For Francis, it is fidelity that defines what a marriage is rather than entering into a covenant relationship. But what does the Bible say? Scripture defines marriage as a covenant relationship between one man and one woman: “But you say, ‘Why does he not?’ Because the LORD was witness between you and the wife of your youth, to whom you have been faithless, though she is your companion and your wife by covenant” (Mal 2:14). She is your wife “by covenant,” not by fidelity alone. In saying that these are real marriages because of their fidelity while saying that marriages marked by infidelity are not real marriages, Francis is going against the historic Catholic teaching on marriage. If Francis is wrong on this, then he is giving approval to the fornication that takes place in these relationships.
So, how is this not a violation of papal infallibility? According to Pastor aeternus, a statement from the pope is only infallible if it fulfills three qualifications: the pope is speaking as the pope rather than giving his personal opinion, it is a matter of faith or morals, and he is defining doctrine to be believed on by the whole church. In these words, he was speaking as the pope and marriage is a matter of morality. But he did not use the technical language of “we define,” “we pronounce,” or “we declare.” But how do Catholics know for certain whether or not a pope is defining doctrine for the church?

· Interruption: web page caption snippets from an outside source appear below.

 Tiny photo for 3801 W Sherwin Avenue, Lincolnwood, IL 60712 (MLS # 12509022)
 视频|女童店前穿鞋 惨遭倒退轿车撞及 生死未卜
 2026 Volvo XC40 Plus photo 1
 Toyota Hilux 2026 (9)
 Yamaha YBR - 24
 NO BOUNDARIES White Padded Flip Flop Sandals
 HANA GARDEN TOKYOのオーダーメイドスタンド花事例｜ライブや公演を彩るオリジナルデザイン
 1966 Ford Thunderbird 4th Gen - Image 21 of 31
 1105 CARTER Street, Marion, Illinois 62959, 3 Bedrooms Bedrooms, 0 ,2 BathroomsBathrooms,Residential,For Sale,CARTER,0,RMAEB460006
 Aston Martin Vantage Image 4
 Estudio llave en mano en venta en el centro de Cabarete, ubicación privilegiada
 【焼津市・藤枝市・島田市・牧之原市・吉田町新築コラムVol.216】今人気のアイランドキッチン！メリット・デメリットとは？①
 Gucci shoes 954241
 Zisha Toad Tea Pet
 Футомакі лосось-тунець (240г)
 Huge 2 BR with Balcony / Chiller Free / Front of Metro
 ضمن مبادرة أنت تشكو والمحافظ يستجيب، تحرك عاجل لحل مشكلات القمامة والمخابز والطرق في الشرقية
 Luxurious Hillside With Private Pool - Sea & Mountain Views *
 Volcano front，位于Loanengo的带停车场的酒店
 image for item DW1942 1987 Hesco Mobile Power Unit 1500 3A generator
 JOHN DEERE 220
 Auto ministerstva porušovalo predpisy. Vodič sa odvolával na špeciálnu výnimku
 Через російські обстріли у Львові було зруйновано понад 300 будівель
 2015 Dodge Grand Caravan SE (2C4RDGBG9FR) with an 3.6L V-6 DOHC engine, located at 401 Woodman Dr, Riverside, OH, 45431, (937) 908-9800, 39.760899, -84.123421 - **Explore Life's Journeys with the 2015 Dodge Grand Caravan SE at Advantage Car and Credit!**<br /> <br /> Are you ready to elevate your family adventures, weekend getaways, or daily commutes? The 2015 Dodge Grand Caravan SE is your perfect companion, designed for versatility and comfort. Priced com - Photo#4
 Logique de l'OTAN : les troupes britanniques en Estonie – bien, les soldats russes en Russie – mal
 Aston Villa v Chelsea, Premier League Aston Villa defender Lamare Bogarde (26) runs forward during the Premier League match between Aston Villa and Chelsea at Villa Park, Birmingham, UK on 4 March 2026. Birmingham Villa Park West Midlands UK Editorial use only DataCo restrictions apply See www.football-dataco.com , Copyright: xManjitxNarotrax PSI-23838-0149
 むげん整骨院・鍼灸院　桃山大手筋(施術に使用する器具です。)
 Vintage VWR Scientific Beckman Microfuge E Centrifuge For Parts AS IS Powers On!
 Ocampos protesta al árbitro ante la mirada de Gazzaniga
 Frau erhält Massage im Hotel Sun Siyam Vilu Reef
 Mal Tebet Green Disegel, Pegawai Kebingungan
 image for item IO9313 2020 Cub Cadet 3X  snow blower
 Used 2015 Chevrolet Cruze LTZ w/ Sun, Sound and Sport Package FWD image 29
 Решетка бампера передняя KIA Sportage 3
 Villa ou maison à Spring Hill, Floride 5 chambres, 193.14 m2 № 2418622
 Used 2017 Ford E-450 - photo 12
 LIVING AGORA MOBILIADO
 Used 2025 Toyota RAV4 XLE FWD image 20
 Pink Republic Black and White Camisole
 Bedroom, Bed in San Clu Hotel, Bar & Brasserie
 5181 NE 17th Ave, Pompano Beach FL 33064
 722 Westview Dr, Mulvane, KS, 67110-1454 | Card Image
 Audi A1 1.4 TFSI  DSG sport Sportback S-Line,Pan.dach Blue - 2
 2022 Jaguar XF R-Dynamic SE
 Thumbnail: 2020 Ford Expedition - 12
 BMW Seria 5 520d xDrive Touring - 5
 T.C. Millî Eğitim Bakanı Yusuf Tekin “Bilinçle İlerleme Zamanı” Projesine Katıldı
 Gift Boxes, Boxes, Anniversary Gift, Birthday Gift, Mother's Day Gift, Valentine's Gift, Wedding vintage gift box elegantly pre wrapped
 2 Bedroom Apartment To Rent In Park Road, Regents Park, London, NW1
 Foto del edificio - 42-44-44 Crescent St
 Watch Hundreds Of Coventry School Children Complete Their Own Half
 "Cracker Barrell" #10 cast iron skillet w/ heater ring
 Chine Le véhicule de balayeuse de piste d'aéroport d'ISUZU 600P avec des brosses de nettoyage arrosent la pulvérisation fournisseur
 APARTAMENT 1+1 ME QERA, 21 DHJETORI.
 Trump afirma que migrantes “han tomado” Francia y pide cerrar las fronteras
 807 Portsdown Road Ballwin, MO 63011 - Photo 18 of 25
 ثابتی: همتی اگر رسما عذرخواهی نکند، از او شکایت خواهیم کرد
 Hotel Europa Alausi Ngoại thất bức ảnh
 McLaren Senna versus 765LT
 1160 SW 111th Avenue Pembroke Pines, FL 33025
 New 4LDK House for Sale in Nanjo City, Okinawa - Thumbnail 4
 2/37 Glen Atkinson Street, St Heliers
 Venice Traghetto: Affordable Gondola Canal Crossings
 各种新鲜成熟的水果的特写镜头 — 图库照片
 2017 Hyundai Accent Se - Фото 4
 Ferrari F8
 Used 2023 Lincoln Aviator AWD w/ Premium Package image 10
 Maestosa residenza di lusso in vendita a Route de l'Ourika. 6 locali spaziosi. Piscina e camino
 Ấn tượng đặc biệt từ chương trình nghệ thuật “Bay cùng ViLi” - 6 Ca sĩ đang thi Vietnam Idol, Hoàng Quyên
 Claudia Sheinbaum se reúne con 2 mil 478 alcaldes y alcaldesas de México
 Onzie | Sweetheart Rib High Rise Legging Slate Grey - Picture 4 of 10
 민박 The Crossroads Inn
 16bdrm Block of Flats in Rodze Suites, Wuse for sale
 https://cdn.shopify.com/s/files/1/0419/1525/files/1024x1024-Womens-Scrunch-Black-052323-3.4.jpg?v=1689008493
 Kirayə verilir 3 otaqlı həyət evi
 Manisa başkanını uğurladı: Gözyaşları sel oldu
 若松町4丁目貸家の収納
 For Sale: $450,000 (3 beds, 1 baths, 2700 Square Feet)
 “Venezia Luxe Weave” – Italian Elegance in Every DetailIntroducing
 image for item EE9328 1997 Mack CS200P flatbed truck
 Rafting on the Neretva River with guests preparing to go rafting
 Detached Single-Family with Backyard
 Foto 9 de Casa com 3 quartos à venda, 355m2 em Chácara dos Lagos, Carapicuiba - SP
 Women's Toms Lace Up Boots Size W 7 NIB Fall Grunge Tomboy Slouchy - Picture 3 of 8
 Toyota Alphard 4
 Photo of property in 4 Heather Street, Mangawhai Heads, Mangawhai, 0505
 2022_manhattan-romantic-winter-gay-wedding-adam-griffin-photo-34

Is there an infallible list of infallible pronouncements from the pope? And how would you go about proving that this list is itself infallible? Catholics disagree on which statements from the pope are infallible and which are not. And how do we know that we are interpreting these papal documents accurately? Catholics disagree all the time on how canon law should be interpreted.
By embracing papal infallibility to gain epistemological certainty when it comes to what we are to believe and how we are to live, Catholics have just moved the problem one step back. The initial decision to embrace claims to infallibility is not itself infallible. Now instead of debating the meaning of the Bible, we are now debating both the meaning of the Bible and every papal document throughout history. Except with the Bible, we know that everything it says is infallible while not everything the pope says is infallible. This is especially apparent when it comes to the question of “No Salvation Outside the Church.” If what one pope taught as true can be overturned by another later on, does that not undermine the claim to epistemological certainty and overthrow the entire point of papal infallibility in the first place? I urge Catholics to cut out the middleman and embrace the sufficiency of Scripture.